**The task:**
Repeat, please, only the lines from the top of the data down to the line with "Matte Black Soap Pump Lid Kit for Mason Jars"; include both of those lines.

+ + + + + + +

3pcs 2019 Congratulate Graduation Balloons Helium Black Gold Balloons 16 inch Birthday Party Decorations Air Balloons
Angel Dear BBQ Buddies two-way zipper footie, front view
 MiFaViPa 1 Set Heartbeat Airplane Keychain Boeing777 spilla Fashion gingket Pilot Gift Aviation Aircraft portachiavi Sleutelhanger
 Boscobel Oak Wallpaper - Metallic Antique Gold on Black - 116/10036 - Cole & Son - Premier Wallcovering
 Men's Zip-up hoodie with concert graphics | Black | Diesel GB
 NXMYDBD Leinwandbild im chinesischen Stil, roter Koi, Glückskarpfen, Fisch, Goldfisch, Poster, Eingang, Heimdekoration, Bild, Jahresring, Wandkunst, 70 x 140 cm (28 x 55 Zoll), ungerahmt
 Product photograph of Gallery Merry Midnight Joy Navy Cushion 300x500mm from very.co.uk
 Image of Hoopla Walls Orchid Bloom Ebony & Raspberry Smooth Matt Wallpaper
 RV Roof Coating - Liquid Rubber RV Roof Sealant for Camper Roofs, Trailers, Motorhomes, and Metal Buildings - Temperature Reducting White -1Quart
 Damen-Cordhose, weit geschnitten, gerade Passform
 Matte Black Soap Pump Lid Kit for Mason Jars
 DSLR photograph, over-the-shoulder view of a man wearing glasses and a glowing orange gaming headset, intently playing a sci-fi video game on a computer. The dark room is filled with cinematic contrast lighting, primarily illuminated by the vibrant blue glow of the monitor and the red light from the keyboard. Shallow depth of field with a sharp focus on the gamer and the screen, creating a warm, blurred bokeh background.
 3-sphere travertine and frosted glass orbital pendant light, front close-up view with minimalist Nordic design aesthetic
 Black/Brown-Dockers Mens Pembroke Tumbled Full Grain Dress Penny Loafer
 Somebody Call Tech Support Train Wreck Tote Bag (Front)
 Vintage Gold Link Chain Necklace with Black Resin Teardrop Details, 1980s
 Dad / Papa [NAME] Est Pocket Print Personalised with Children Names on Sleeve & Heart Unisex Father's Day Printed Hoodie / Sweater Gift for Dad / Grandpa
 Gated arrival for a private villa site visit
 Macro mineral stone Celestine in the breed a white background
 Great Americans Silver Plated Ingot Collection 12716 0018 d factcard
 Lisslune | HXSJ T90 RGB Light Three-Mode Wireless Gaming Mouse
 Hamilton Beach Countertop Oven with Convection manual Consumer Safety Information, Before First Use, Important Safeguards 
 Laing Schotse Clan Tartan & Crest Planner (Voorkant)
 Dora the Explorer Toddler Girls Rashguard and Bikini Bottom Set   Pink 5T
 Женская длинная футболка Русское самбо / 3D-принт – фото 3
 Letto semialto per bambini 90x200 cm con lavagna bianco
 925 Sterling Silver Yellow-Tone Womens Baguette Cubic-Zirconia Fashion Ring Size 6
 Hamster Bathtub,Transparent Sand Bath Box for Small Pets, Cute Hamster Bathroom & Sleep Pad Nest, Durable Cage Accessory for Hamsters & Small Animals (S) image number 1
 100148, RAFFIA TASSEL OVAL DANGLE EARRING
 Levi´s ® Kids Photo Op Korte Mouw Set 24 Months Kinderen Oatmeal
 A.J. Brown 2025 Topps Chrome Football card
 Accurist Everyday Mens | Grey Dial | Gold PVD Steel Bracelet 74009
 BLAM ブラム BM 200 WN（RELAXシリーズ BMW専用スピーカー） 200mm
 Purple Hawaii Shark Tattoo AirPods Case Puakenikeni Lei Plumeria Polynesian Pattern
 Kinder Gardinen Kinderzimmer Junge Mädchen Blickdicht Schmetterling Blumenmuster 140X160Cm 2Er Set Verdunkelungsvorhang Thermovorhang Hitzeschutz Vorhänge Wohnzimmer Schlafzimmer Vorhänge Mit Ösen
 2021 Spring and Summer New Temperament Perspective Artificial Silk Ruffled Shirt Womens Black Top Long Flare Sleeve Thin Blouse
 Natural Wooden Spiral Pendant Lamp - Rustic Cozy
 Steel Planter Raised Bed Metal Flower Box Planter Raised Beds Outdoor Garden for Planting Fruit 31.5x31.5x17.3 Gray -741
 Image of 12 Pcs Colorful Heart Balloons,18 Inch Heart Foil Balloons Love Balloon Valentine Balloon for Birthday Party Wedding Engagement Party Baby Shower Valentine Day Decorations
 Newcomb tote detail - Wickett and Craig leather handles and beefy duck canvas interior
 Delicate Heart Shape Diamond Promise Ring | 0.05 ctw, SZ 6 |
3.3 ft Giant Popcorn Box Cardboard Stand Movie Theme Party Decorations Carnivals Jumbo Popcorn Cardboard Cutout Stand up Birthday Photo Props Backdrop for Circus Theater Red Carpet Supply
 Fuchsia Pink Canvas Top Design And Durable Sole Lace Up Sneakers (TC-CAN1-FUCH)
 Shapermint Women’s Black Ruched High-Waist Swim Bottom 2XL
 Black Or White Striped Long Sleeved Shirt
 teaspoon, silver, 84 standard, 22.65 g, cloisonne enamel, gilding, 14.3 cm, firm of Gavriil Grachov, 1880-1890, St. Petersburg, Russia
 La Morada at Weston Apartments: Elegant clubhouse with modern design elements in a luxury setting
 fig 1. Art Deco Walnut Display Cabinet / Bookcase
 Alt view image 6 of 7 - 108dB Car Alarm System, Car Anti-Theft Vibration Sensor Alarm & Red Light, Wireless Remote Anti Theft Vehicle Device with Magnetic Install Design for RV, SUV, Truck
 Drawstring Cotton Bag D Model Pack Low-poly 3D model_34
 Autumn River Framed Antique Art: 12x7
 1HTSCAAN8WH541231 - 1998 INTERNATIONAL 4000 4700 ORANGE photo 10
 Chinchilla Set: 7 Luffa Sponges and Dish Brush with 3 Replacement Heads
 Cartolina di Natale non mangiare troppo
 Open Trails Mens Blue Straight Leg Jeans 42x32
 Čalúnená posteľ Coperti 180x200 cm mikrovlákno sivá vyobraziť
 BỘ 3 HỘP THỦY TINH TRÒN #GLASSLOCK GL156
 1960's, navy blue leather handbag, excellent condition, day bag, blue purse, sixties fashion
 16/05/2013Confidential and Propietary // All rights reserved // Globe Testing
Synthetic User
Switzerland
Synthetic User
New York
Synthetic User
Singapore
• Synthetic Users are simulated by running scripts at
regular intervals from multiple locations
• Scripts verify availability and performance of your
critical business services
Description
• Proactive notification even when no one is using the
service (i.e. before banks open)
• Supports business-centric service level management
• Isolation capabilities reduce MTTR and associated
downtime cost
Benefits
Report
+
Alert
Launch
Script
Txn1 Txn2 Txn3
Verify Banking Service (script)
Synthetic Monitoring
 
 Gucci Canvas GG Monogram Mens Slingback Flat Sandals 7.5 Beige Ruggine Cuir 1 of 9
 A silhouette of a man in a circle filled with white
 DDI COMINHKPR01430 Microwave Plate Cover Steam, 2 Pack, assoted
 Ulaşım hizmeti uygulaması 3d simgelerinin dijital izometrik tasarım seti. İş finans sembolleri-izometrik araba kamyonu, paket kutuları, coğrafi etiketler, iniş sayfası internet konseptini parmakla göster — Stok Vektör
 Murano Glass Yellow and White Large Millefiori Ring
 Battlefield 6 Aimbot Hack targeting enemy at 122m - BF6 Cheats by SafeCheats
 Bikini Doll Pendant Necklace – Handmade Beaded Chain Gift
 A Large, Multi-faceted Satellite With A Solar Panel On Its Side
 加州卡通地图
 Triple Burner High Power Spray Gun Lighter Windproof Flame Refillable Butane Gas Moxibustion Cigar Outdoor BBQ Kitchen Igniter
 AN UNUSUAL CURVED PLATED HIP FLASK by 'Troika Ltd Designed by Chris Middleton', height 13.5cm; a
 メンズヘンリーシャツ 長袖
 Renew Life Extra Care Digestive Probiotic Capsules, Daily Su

+ + + + + + +

**Task answer:**
3pcs 2019 Congratulate Graduation Balloons Helium Black Gold Balloons 16 inch Birthday Party Decorations Air Balloons
Angel Dear BBQ Buddies two-way zipper footie, front view
 MiFaViPa 1 Set Heartbeat Airplane Keychain Boeing777 spilla Fashion gingket Pilot Gift Aviation Aircraft portachiavi Sleutelhanger
 Boscobel Oak Wallpaper - Metallic Antique Gold on Black - 116/10036 - Cole & Son - Premier Wallcovering
 Men's Zip-up hoodie with concert graphics | Black | Diesel GB
 NXMYDBD Leinwandbild im chinesischen Stil, roter Koi, Glückskarpfen, Fisch, Goldfisch, Poster, Eingang, Heimdekoration, Bild, Jahresring, Wandkunst, 70 x 140 cm (28 x 55 Zoll), ungerahmt
 Product photograph of Gallery Merry Midnight Joy Navy Cushion 300x500mm from very.co.uk
 Image of Hoopla Walls Orchid Bloom Ebony & Raspberry Smooth Matt Wallpaper
 RV Roof Coating - Liquid Rubber RV Roof Sealant for Camper Roofs, Trailers, Motorhomes, and Metal Buildings - Temperature Reducting White -1Quart
 Damen-Cordhose, weit geschnitten, gerade Passform
 Matte Black Soap Pump Lid Kit for Mason Jars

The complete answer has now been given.